Question

solve the given differential equation. (y^{2}+4)dx = ysec^{2}(x)dy

Explanation:

Step1: Separate variables

Separate the variables in the differential equation \((y^{2}+4)dx = y\sec^{2}(x)dy\) to get \(\frac{dx}{\sec^{2}(x)}=\frac{y}{y^{2}+4}dy\). Since \(\frac{1}{\sec^{2}(x)}=\cos^{2}(x)\), the equation becomes \(\cos^{2}(x)dx=\frac{y}{y^{2}+4}dy\).

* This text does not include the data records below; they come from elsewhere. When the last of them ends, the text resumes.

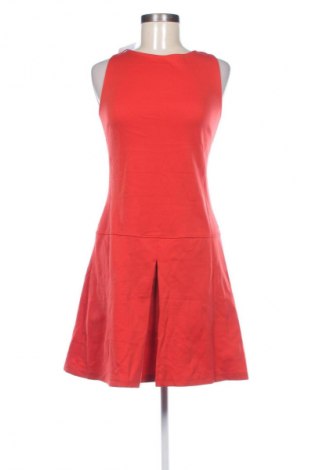Φόρεμα H&M, Μέγεθος M, Χρώμα Κόκκινο, Τιμή 22,82 €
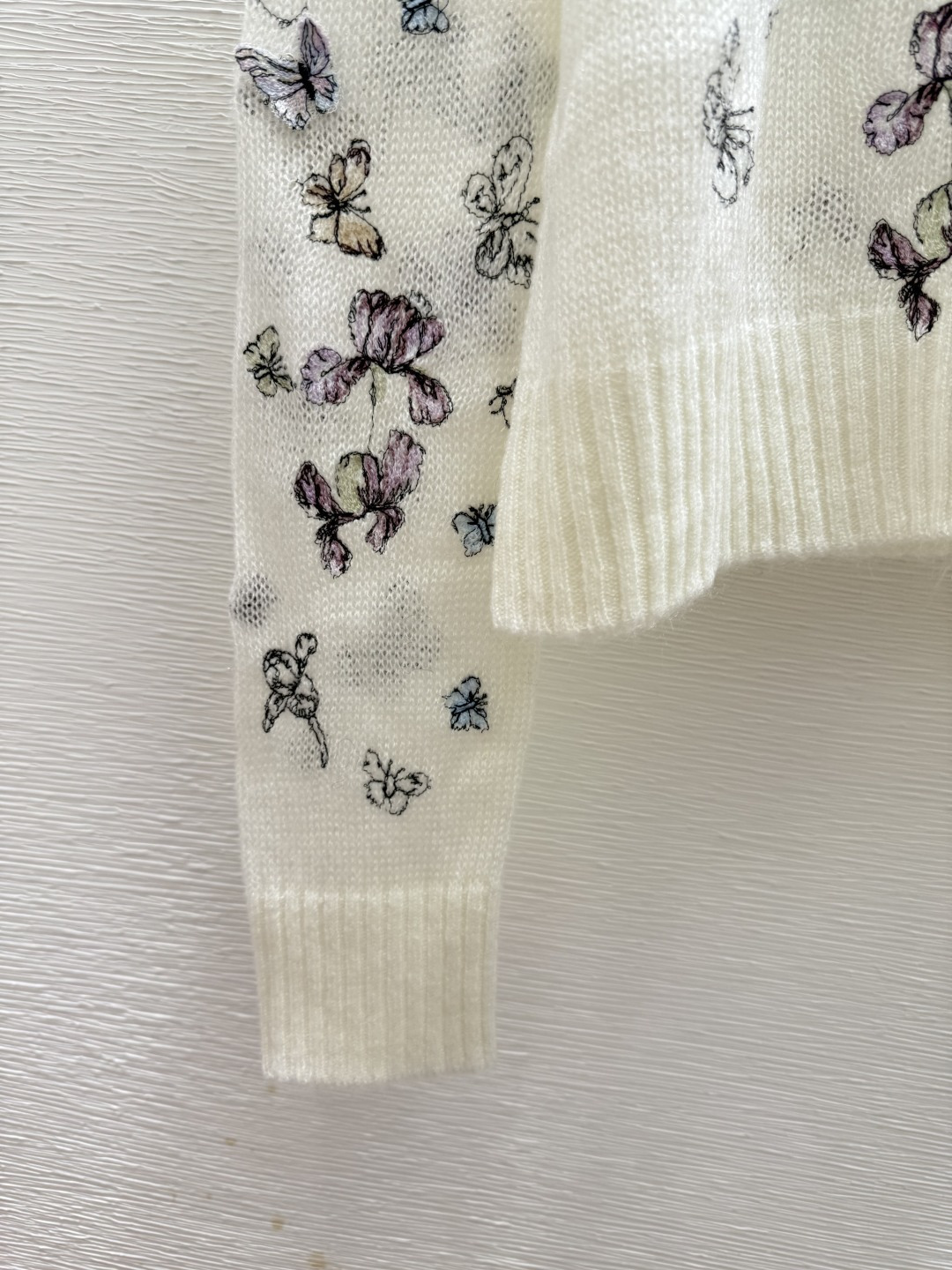 D家～大货实拍图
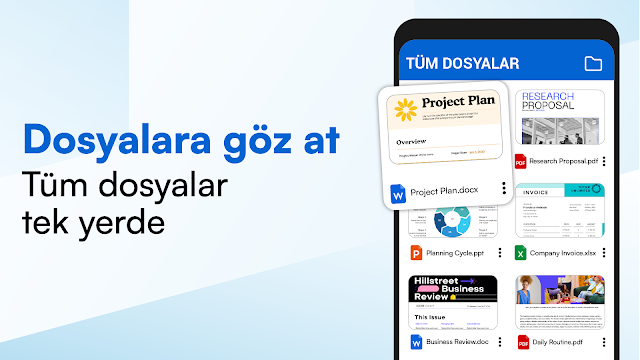 Ekran Görüntüsü 3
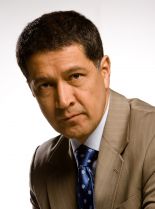 Armando Gutierrez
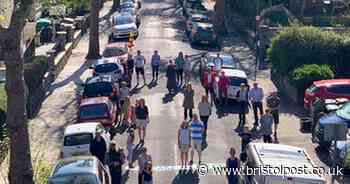 Extending care home would be 'intolerable' residents claim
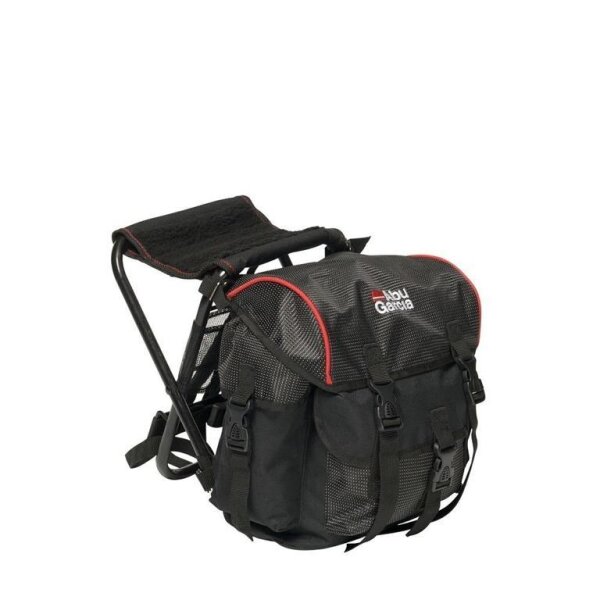 Produktbild von Prologic Avenger Padded Multi Sleeve 3 Rod 13' Online Hier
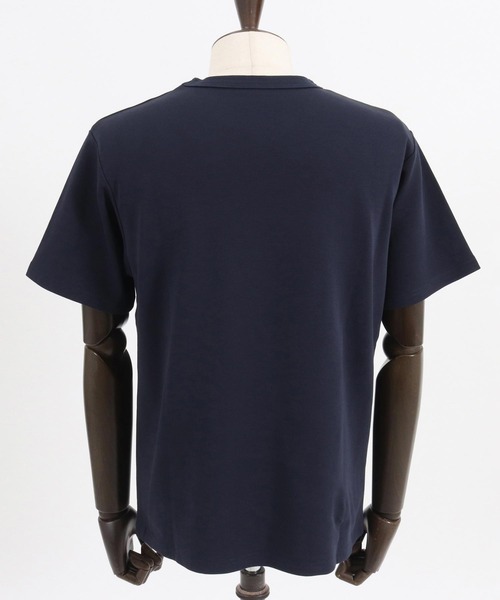 美品⭐︎BLUE SEAL Tシャツセット L M 110 90 楽天市場】【SAPEur × MASATOSHI HAMADA BLUE HEAD HAMADA L/S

Step2: Integrate both sides

Recall that \(\cos^{2}(x)=\frac{1 + \cos(2x)}{2}\). Integrate the left - hand side \(\int\cos^{2}(x)dx=\int\frac{1+\cos(2x)}{2}dx=\frac{1}{2}\int(1 + \cos(2x))dx=\frac{1}{2}(x+\frac{\sin(2x)}{2})+C_1=\frac{x}{2}+\frac{\sin(2x)}{4}+C_1\). For the right - hand side, let \(u = y^{2}+4\), then \(du = 2y\;dy\) and \(\int\frac{y}{y^{2}+4}dy=\frac{1}{2}\int\frac{du}{u}=\frac{1}{2}\ln|u|+C_2=\frac{1}{2}\ln|y^{2}+4|+C_2\).

Step3: Combine the results

We have \(\frac{x}{2}+\frac{\sin(2x)}{4}=\frac{1}{2}\ln|y^{2}+4|+C\) (where \(C = C_2 - C_1\)).

Answer:

\(\frac{x}{2}+\frac{\sin(2x)}{4}=\frac{1}{2}\ln|y^{2}+4|+C\)